As the CTO of an e-commerce agency for 10+ years, our founder witnessed the problems with innovating and scaling bespoke e-commerce websites, before retailers moved to powerful platforms like Magento and Demandware.
In today's mobile first world, we believe that many retailers are having similar growing pains with bespoke native apps. Poq was created to provide a commerce platform for native apps – allowing retailers to innovate on mobile in a scalable way.
Poq is a commerce platform for native retail apps. The SaaS platform enables over retailers, including House of Fraser, Missguided, Steven Alan, Radley and Blue Inc, to deliver best-in-class mobile apps across Android and iOS – updated quarterly and integrated with any major e-commerce platform. We offer large retailers a reliable and scalable way to deploy and maintain native apps.
Our team of experienced professionals is mostly focussed on technology development and have a wide e-commerce background.
As with the previous round, the lead investors in this round will receive shares which have a participating preference on a return of proceeds, as follows:
- Preferential return.
On a distribution of proceeds on exit or winding up, the lead investors will receive the amount of their original subscription back, in preference to other shareholders. All shareholders (including the lead investors) would then share the remainder of proceeds available for distribution on a pro rata basis.

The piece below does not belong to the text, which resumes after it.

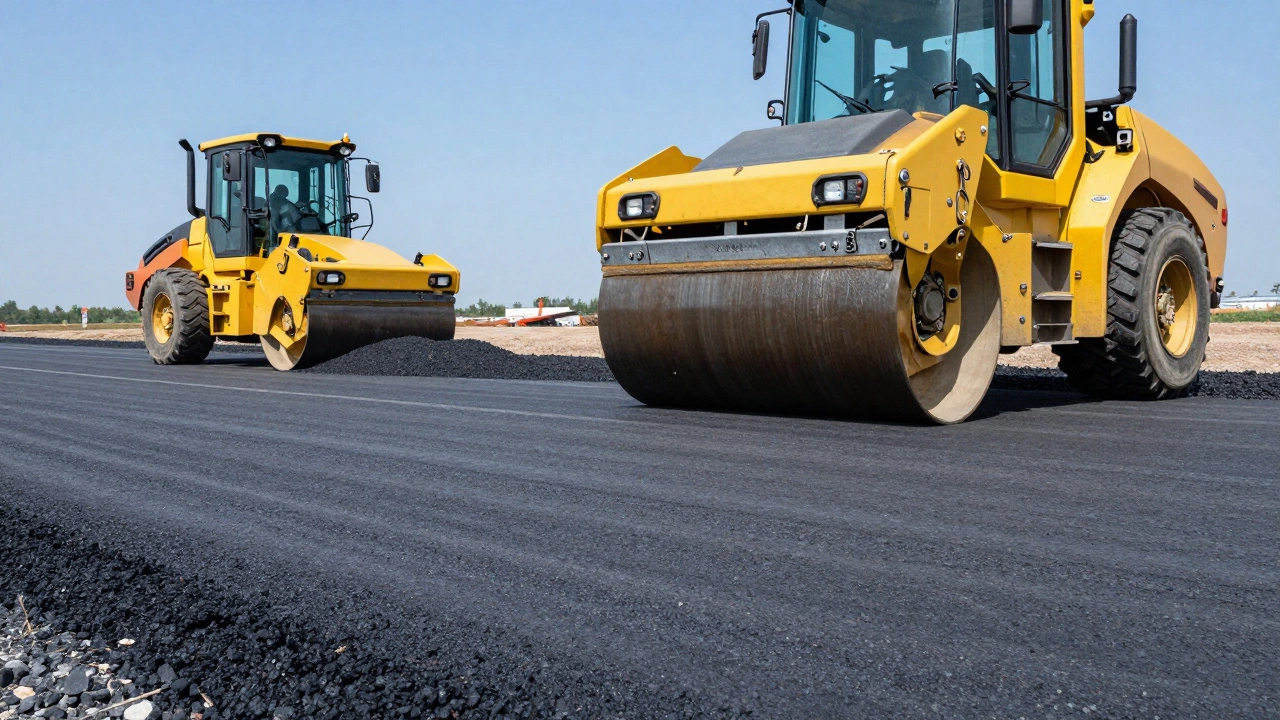 Дорожный каток и грейдер при строительстве асфальтированной дороги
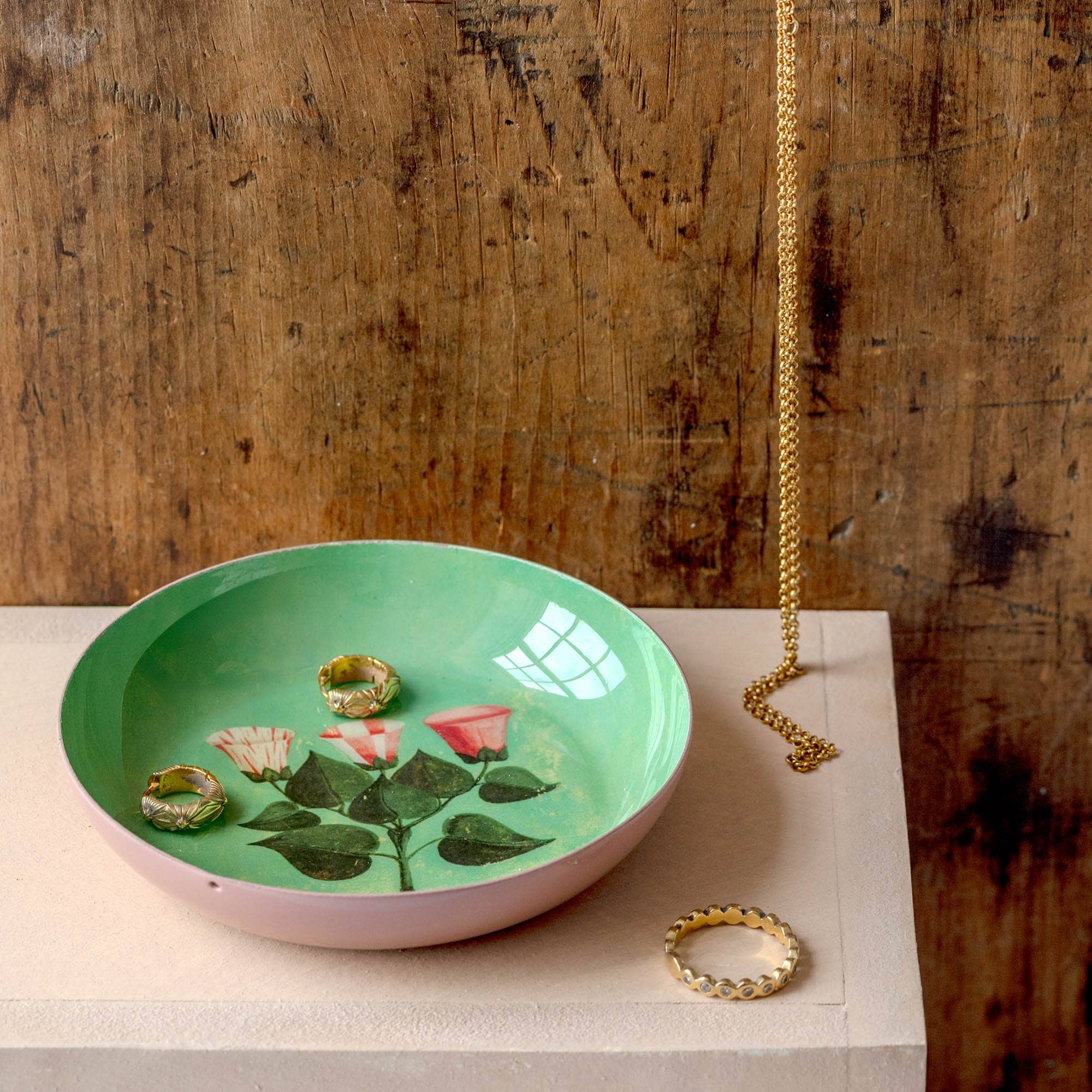 Festival of Flowers Round Enamel Tray - Box Turtle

The preference above will only apply if the proceeds available on exit/winding are such that if they were to be distributed pro rata among all shareholders, each Series A shareholder would receive less than 3 times the issue price for each share held. If the valuation is higher, the lead investors will participate alongside all other holders of ordinary shares on equal terms.
Seedrs investors will be offered ordinary shares, which will be eligible for EIS relief (preference shares are not generally eligible for EIS relief).